What the task asks:
Pictures should be left out while the data beneath this task is written out word for word.

Data excerpt:
= = = = =

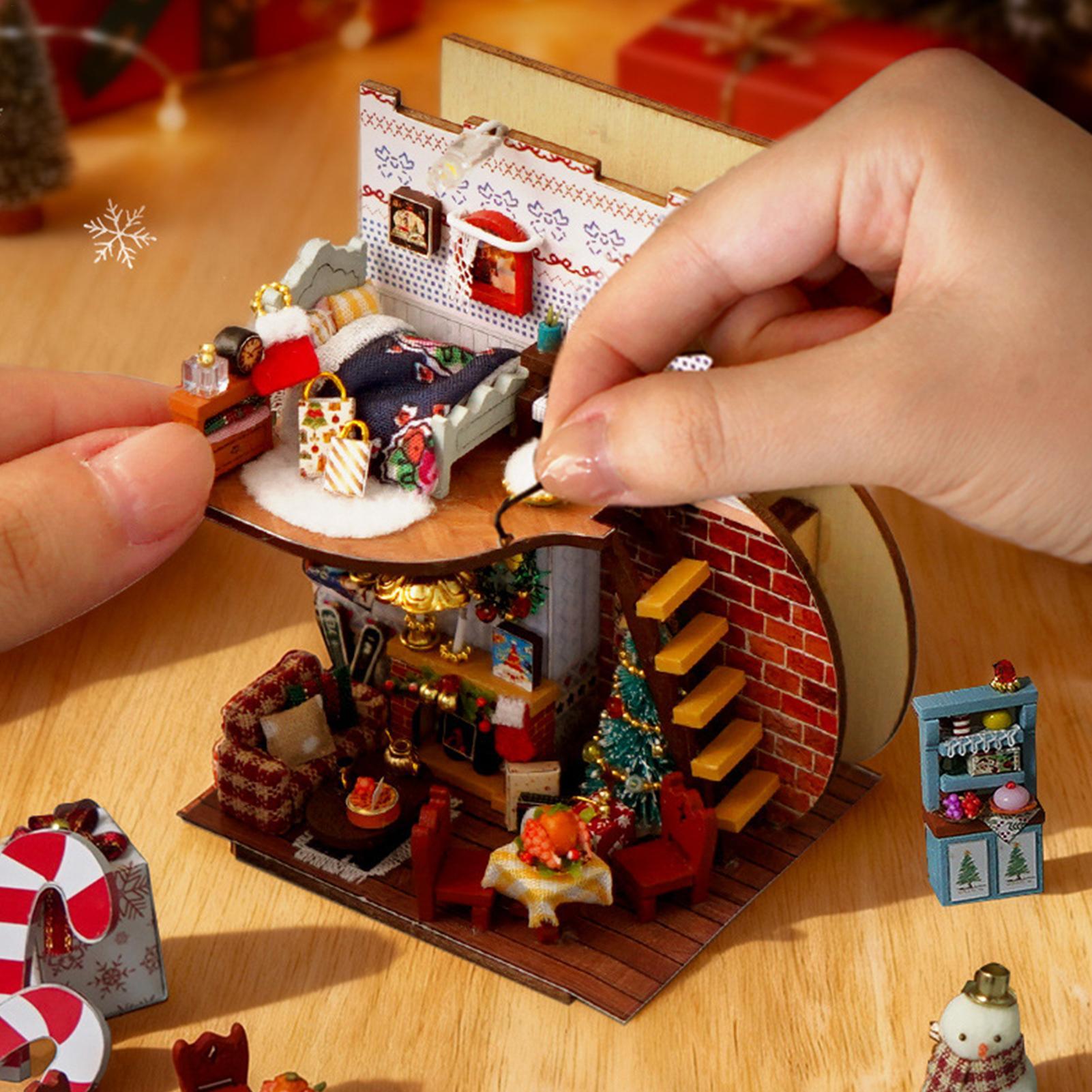 ミニチュアハウスキット、LEDライト付き、クリスマスストッキ - Miniature Led Light Kit For Dollhouse のレビューと価格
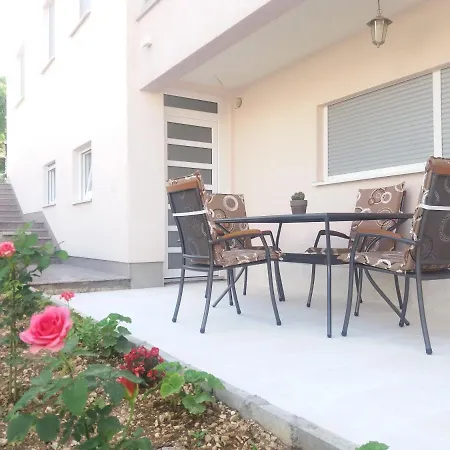Brko Apartment *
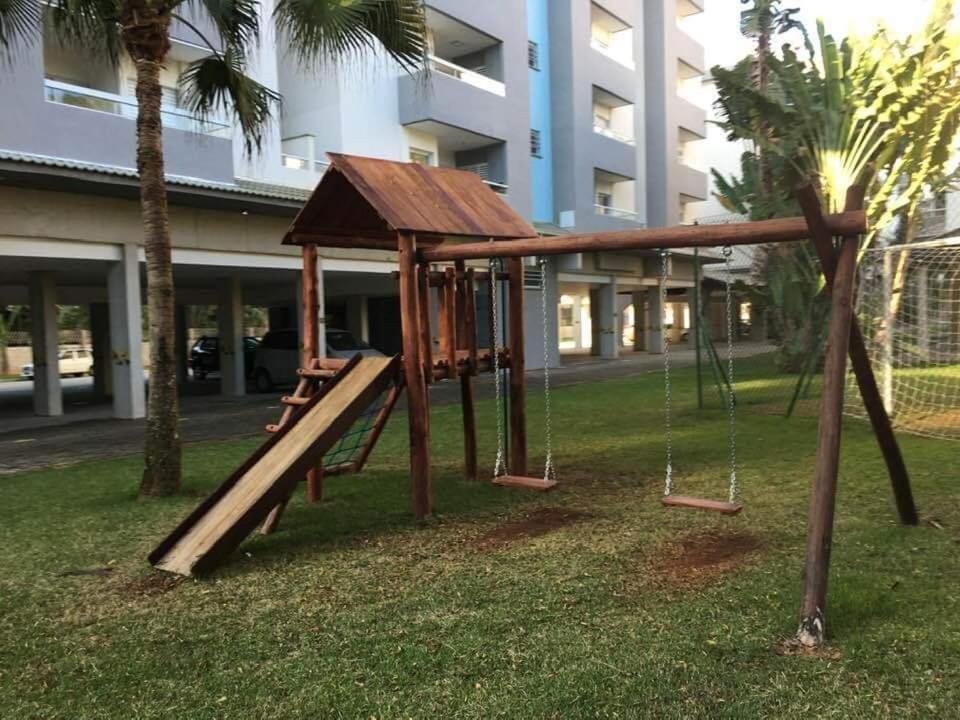 Apartamento Varanda Gourmet, 05 Piscinas, Elevador E Wi-fi No Passaredo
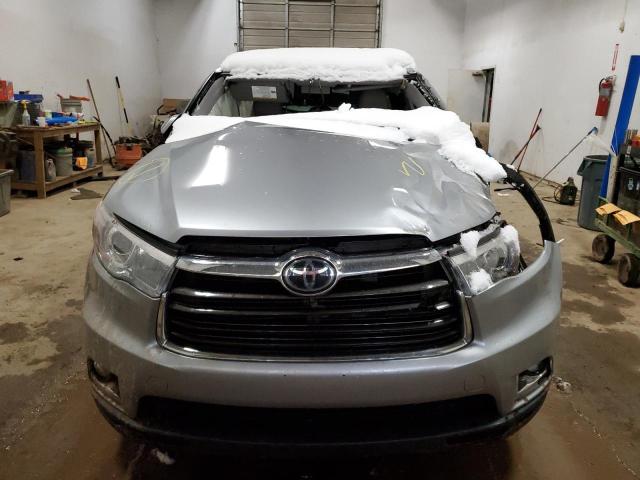 Photo 5 from auction – 2016 TOYOTA HIGHLANDER with VIN 5TDDKRFH6GS351290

= = = = =

Result for this task:
 ミニチュアハウスキット、LEDライト付き、クリスマスストッキ - Miniature Led Light Kit For Dollhouse のレビューと価格
Brko Apartment *
 Apartamento Varanda Gourmet, 05 Piscinas, Elevador E Wi-fi No Passaredo
 Photo 5 from auction – 2016 TOYOTA HIGHLANDER with VIN 5TDDKRFH6GS351290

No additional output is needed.